= 2024 India-China Border Patrol Agreement =

International agreement

2024 India-China Border Patrol Agreement was reached between India and China for easing the hostilities resulting from skirmishes between two countries in Galwan Valley. Both the countries suffered casualties of defence personnel during confrontation.

== Background ==

2024 India-China Border Patrol Agreement was an understanding reached between two countries to de-escalate tensions after the differences arose due to clash between two countries in Galwan Valley on 15 June 2020. The agreement is believed to ease the hostilities between the two countries.

The agreement has enabled both countries to take their patrolling as it was before year 2020.

== Buffer Zone ==

2024 India-China Border Patrol Agreement resulted in the creation of buffer zone between countries.

== Goals ==

The 2024 India-China Border Patrol Agreement was signed with the following objectives.

- Defusing four year differences over the border.
- Business interaction normalisation.
- Reducing confrontation at critical friction points.

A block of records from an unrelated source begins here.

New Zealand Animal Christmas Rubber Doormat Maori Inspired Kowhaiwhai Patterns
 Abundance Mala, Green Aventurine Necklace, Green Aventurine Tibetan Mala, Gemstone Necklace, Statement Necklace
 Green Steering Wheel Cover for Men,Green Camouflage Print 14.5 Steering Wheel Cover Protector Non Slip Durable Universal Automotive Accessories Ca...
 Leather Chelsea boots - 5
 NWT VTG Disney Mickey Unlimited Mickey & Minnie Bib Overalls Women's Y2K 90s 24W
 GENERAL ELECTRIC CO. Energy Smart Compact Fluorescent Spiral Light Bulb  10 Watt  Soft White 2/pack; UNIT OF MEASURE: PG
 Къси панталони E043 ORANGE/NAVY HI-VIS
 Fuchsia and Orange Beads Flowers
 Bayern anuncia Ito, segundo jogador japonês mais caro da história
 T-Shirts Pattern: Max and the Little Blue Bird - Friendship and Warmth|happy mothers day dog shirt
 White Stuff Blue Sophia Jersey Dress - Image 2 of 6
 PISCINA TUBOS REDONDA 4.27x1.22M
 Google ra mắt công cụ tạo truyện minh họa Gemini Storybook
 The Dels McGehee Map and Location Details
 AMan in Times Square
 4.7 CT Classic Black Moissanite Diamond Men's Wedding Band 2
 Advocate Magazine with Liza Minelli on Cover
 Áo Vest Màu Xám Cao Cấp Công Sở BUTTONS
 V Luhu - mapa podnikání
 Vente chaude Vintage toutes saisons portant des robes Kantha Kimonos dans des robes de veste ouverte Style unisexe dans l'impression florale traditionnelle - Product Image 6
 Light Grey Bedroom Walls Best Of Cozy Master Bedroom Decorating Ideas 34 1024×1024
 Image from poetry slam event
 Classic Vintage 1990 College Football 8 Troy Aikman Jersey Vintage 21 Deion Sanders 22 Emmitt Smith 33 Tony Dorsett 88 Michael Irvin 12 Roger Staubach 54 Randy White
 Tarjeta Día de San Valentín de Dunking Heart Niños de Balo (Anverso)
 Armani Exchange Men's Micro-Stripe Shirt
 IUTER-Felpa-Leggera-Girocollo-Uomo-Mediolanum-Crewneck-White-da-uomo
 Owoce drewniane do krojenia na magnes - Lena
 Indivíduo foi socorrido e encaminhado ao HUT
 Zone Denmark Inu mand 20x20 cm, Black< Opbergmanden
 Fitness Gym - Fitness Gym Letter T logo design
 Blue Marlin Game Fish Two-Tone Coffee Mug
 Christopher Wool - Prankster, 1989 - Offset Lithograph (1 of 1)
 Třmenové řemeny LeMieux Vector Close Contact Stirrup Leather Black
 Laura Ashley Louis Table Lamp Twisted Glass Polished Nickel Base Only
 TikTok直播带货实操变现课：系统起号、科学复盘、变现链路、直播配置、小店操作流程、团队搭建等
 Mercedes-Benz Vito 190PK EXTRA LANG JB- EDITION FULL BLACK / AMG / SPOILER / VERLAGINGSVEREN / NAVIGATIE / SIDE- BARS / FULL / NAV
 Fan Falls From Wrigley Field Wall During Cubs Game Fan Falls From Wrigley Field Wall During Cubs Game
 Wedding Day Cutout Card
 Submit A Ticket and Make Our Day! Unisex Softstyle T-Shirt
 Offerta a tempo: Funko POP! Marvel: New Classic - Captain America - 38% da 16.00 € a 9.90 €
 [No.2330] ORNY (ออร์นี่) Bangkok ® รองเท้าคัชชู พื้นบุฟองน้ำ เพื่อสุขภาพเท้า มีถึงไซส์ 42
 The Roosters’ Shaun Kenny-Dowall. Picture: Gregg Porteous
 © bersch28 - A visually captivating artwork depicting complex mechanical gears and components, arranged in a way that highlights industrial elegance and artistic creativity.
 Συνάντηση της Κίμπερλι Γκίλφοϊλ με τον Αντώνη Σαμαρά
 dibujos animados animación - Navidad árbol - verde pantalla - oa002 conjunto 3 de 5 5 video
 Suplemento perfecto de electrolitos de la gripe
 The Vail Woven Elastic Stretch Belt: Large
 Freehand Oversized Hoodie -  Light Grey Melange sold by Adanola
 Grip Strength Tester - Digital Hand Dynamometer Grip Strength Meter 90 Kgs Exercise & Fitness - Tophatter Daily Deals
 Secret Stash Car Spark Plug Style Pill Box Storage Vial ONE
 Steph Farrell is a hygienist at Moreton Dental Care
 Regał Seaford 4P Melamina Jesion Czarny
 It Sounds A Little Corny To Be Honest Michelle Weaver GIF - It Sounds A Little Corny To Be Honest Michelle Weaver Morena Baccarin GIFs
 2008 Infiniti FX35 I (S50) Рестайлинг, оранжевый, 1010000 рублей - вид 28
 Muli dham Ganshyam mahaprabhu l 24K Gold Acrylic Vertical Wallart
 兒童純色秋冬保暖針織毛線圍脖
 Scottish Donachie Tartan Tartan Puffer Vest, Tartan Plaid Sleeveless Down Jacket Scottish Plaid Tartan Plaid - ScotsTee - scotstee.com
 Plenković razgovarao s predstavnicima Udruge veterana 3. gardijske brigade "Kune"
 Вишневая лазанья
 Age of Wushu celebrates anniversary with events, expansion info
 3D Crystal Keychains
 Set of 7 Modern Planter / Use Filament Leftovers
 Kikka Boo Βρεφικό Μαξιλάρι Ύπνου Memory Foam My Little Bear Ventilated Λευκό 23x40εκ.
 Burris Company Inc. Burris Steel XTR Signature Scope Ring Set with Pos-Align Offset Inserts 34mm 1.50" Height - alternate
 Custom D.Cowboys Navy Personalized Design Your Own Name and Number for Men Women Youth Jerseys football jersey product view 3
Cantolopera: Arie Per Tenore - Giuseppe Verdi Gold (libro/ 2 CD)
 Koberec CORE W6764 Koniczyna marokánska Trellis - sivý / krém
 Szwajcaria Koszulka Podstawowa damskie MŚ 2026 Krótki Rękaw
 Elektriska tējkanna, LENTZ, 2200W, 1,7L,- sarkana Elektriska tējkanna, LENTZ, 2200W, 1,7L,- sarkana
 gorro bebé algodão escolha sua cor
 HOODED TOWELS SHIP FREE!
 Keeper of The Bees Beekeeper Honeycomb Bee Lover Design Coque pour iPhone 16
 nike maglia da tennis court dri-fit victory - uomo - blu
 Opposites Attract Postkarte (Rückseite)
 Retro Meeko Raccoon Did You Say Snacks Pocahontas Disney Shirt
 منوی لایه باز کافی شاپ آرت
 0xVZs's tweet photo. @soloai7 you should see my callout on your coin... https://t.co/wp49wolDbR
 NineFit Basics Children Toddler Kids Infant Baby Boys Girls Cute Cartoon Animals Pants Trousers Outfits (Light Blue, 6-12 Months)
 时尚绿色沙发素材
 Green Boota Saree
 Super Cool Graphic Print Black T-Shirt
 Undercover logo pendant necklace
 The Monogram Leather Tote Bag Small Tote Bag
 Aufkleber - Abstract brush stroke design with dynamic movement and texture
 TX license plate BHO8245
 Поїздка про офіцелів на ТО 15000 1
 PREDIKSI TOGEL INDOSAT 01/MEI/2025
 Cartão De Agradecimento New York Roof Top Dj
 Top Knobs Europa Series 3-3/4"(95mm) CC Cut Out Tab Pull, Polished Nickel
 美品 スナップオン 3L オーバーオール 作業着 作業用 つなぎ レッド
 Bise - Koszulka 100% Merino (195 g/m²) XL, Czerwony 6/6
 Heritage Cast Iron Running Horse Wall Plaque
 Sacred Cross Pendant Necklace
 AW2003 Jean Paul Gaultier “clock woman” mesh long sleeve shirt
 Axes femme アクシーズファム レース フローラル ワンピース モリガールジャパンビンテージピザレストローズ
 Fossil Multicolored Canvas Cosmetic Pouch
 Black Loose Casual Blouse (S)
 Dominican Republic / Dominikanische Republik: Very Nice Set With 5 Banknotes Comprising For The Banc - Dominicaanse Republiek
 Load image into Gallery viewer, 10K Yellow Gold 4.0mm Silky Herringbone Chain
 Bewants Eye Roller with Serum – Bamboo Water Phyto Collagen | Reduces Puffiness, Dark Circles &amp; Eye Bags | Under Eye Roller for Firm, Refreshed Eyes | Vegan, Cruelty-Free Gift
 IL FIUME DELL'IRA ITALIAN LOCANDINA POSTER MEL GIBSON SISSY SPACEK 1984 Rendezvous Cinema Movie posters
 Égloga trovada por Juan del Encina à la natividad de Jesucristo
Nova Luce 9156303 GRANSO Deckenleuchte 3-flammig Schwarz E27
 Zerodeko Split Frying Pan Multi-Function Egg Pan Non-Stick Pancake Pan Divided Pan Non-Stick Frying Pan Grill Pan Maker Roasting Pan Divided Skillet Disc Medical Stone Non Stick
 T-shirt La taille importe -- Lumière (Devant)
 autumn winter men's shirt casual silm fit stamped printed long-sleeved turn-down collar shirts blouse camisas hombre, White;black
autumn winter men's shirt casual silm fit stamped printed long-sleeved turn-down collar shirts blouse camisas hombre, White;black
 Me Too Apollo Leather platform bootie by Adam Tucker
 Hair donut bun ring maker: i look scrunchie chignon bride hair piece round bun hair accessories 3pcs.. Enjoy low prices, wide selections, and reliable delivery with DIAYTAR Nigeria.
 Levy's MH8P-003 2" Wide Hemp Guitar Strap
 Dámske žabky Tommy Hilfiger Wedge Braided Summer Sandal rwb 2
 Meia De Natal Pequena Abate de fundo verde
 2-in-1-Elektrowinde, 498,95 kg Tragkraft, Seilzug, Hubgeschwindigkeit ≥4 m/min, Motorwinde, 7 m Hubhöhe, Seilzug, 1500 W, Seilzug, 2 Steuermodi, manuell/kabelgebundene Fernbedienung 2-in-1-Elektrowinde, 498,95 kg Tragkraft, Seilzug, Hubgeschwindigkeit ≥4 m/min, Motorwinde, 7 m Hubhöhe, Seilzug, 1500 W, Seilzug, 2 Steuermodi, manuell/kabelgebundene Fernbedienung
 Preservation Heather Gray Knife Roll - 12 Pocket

== Patrolling restoration ==

2024 India-China Border Patrol Agreement restored the patrolling rights in Depsang Plains and Demchok region between mutual countries. The deal ensures each side is following the agreement for resuming the patrolling operations in the Ladakh region and underscores the respective territory claims of both countries.

== Challenges ==

2024 India-China Border Patrol Agreement faces challenges from both countries due to infrastructure and militarisation established by both countries.